One idea I had was, instead of forcing each $\frac{1}{n}\|f_n\| <1$ we force $\frac{1}{N}\|f_N\|_2 <1/2$. This forces the next $\frac{1}{n}\|f_n\| <1$ for all $n \le \left(\frac{2L}{2L-1/2}\right)N$. Then for $n_1 = \left(\frac{2L}{2L-1/2}\right)N$ we force $\frac{1}{n_1}\|f_{n_1}\|_2 <1/2$ and so on. Proceeding like this we get a union bound over $N,n_1,n_2,\ldots$ leading to a series of the form
$$\sum_{n=1}^\infty \exp \left( \frac{N}{8L^2} \left(\frac{2L}{2L-1/2}\right)^{n-1}\right).$$
and the integral
$$\int_{0}^\infty \exp \left( a b^{x-1}\right) = \int_{-1}^\infty \exp \left( a b^{x}\right)$$
for the obvious constants. Under the substitution $u =ab^{x}$ this becomes the exponential integral function
$$\frac{1}{\log b}\int_{a/b}^\infty \frac{e^{-t}}{t}dt = \frac{\text{Ei}_1(a/b)}{\log b}.$$
Using some special function inequalities I can bound the above by
$$\frac{e^{-a/b}}{(a/b)\log b}$$
which simplifies to something of the form
$$\frac{C \exp \left( \frac{N}{8L^2} \frac{2L-1/2}{2L}\right) }{N}$$.
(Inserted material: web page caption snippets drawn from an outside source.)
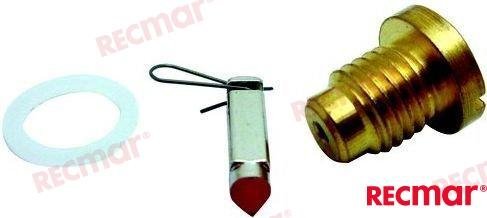 KIT AGUJAS CARBURADOR Recmar REC396520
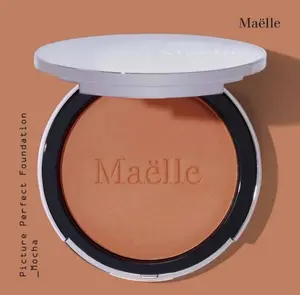Maelle ALL-IN-ONE Foundation Powder - MOCHA - All Skin Types - Flawless Concealer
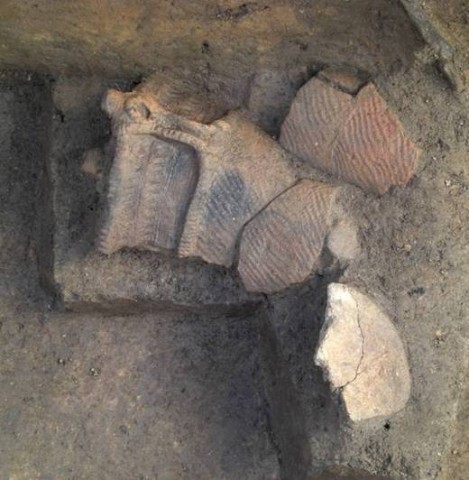 Ento-Joso-type pottery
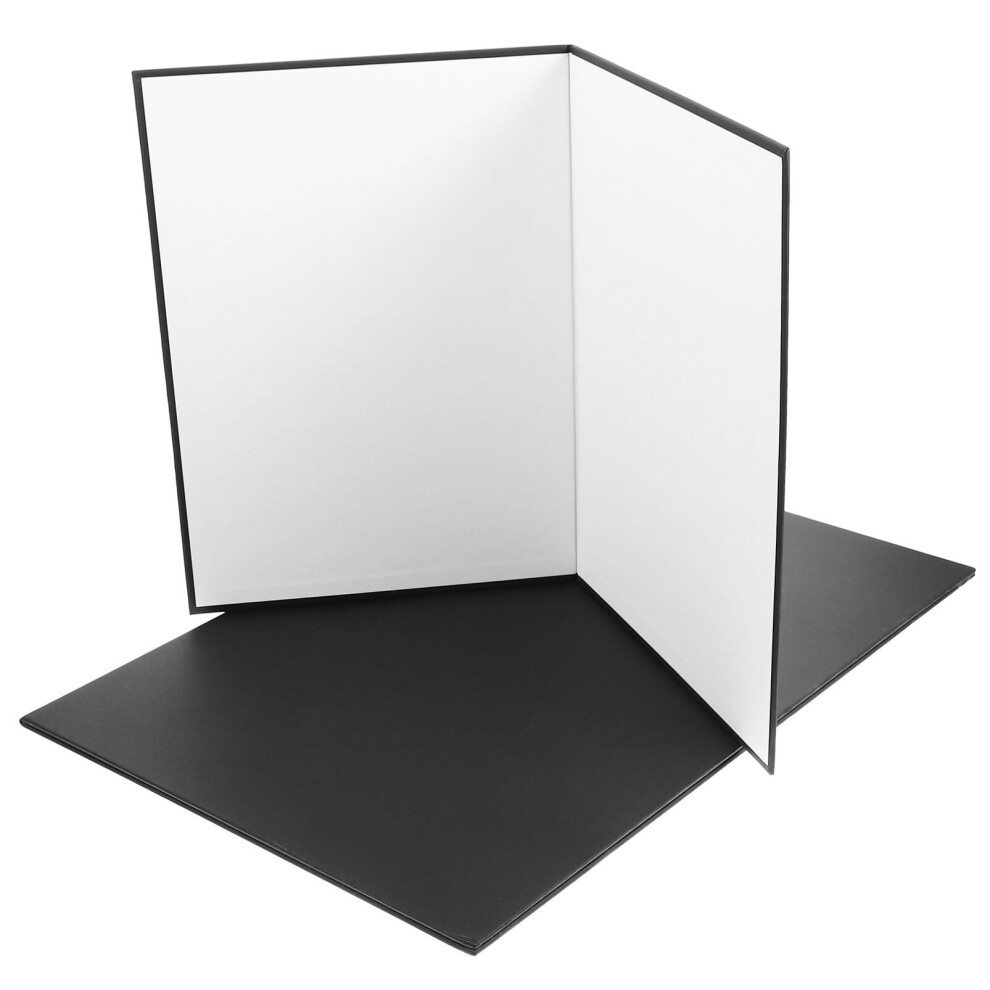 Dualsided Photography Reflector Boards A3 A4 Diffuser For Product And Still Life Photography Light 9053599016953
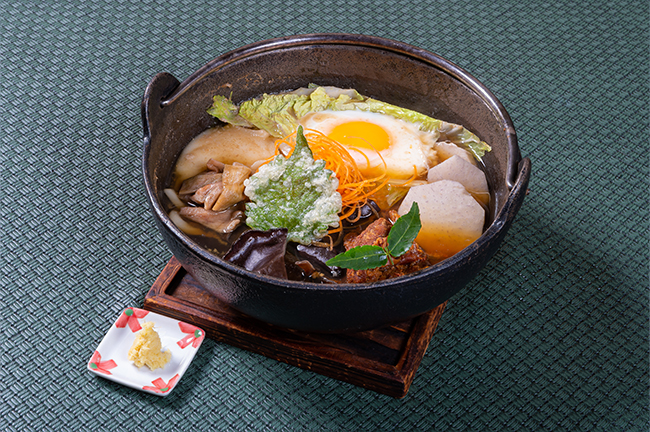 田舎うろん
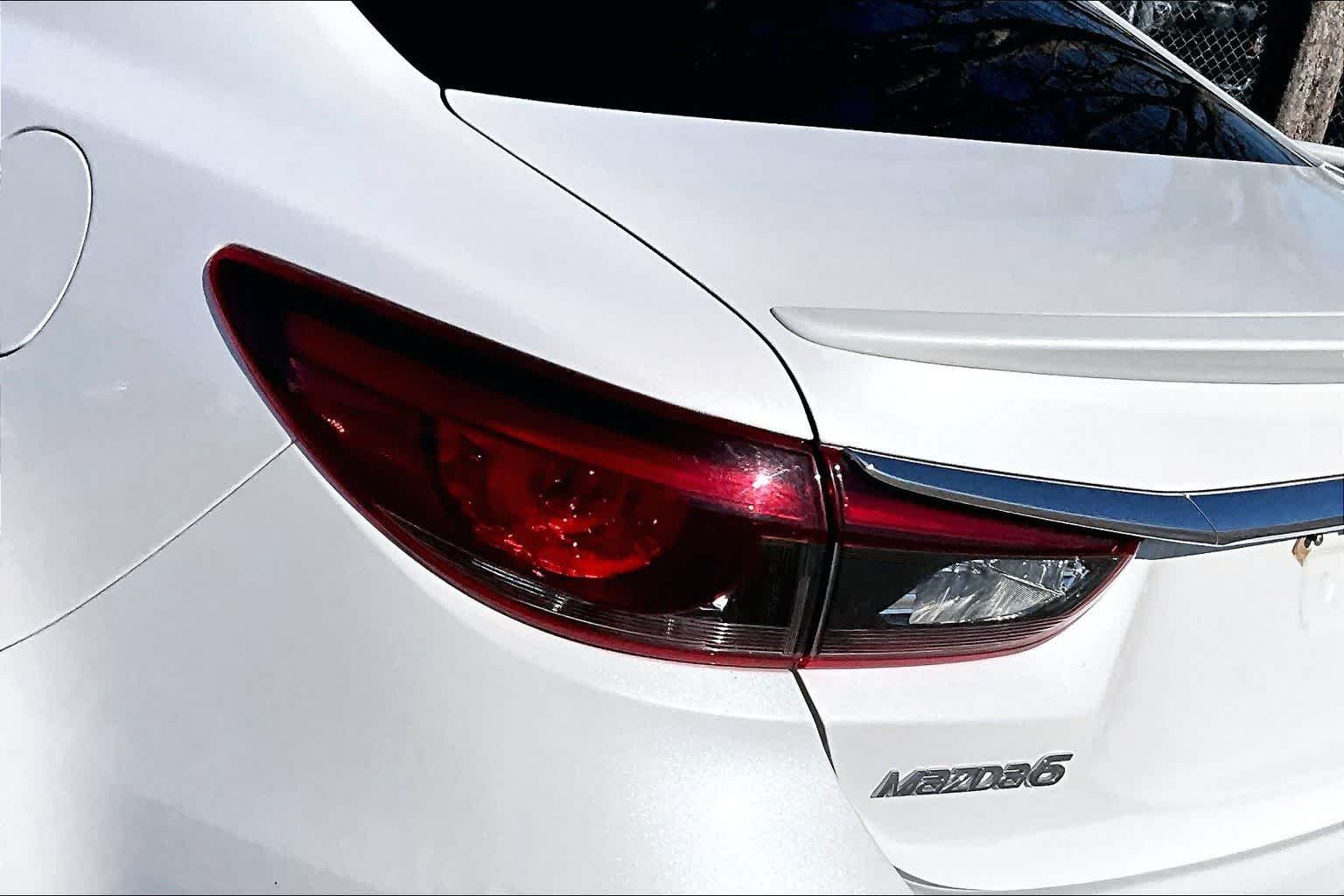 Thumbnail: 2017 Mazda Mazda6 - 28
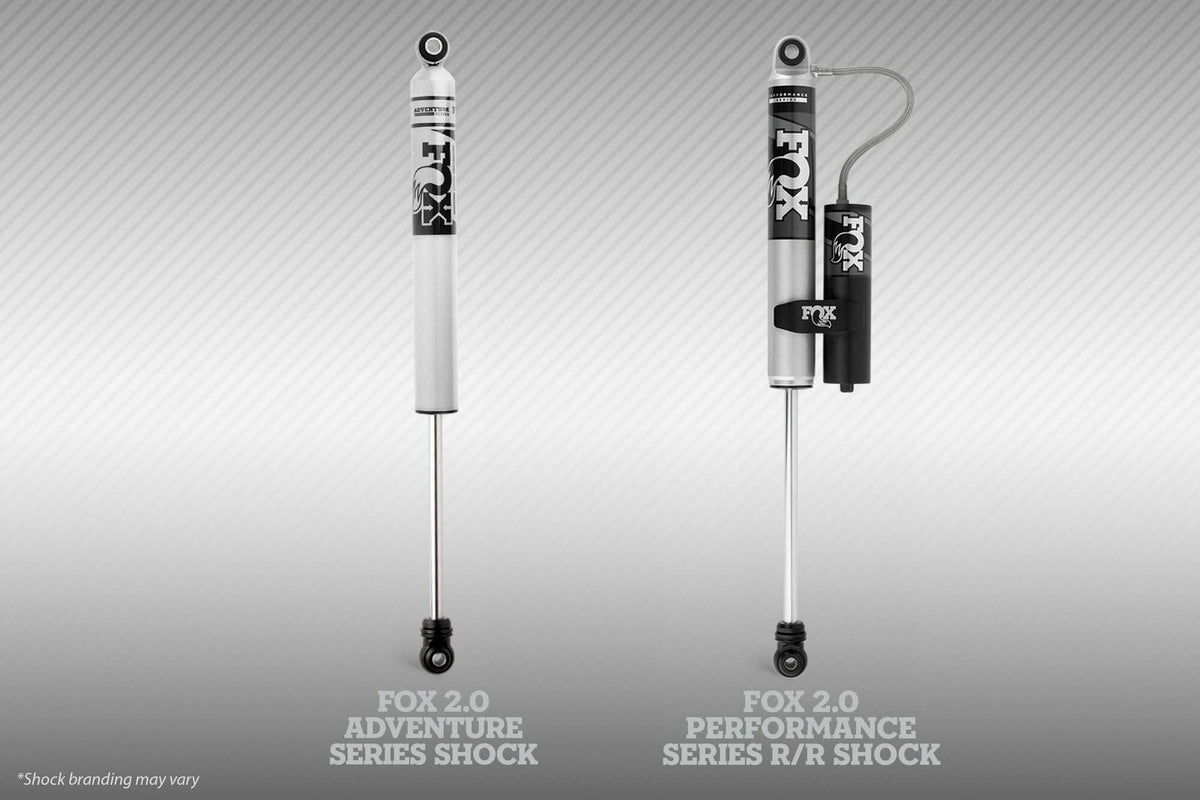 JKS Manufacturing J-Krawl 2.5" Lift Kit (2007-2018 Wrangler, Wrangler JK) - JSPEC150KFR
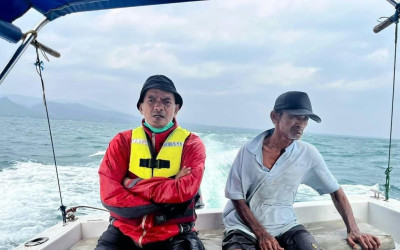 Hilang Ratusan Kilometer, Begini Kronologi Penemuan Jenazah Surakman ABK Arupadhatu 1 di Enggano Bengkulu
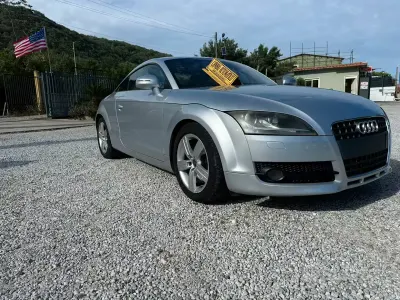 Usata Audi TT 200 CV (147 kW) 2007 Grigio Coupé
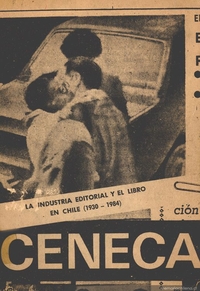 La industria editorial y el libro en Chile : (1930-1984) : (ensayo de interpretación de una crisis)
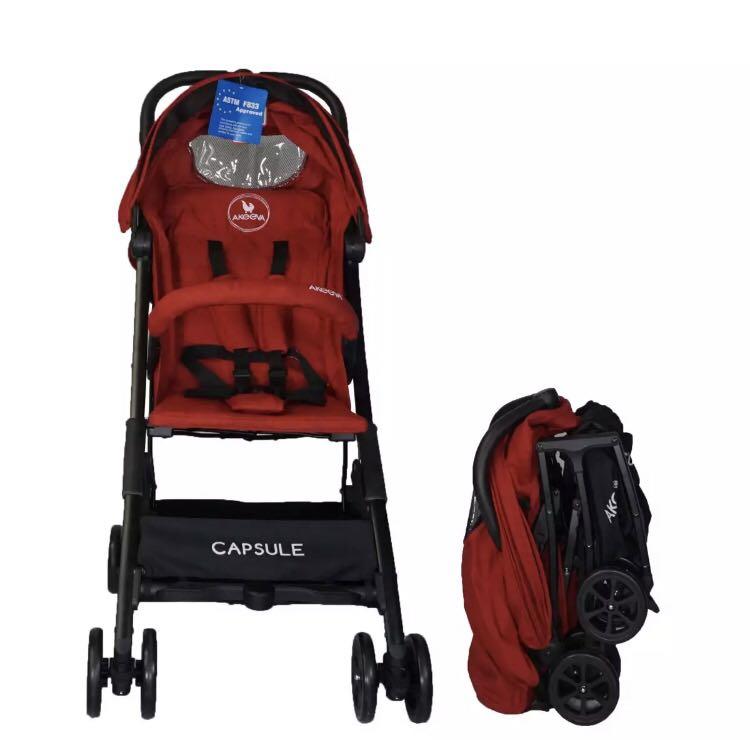 akeeva pockit stroller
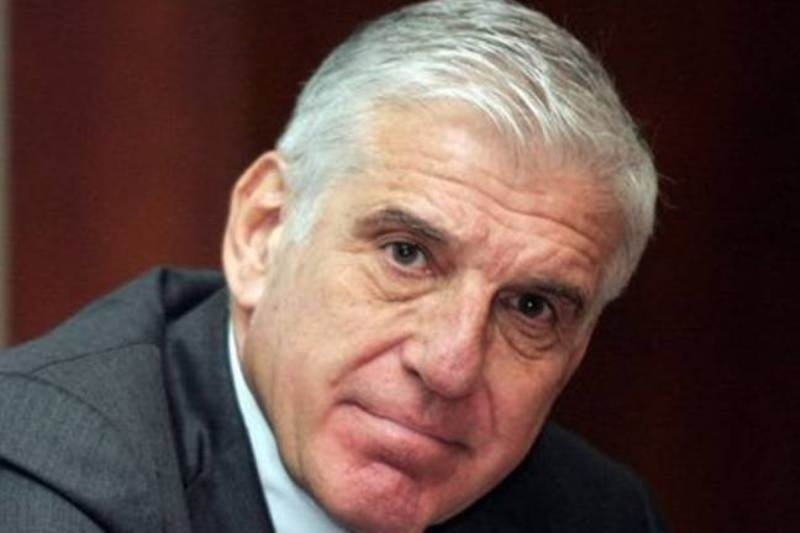 Επίθεση με γκαζάκια στο σπίτι του Γ. Παπαντωνίου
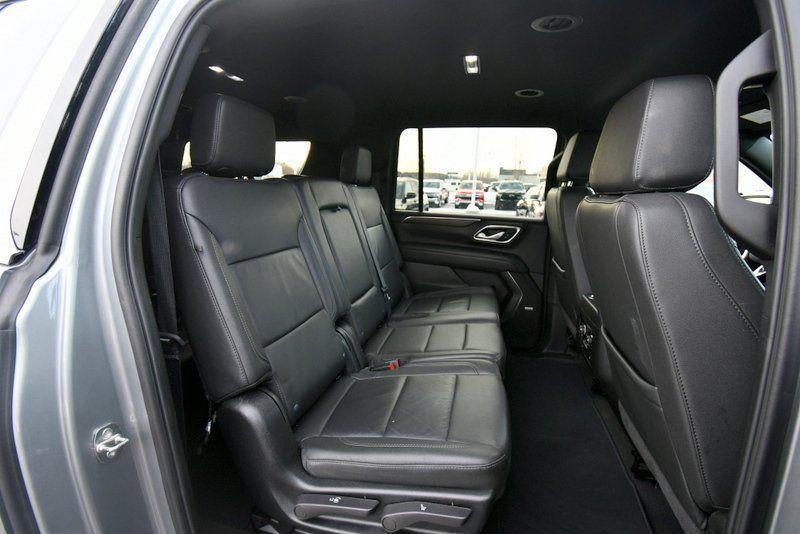 used 2024 Chevrolet Suburban car, priced at $47,009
We have acquired a $N$ in the denominator, and maybe a smaller coefficient $C$ than before. Unfortunately this makes no difference asymptotically because the coefficient inside the exponential is smaller than before.
You can also replace $1/2$ with any $\delta \in (0,1)$, perform the calculations, and try to minimise the result with respect to $\delta$. There is a closed form solution for such a $\delta$ but it is the solution of a cubic equation so doesn't offer much insight.
One could also try different $\delta_i$-values between each $n_i$ and $n_{i+1}$ but I cannot see how to bound the resulting series with an integral.
Has this problem been considered before? Could anyone provide a reference?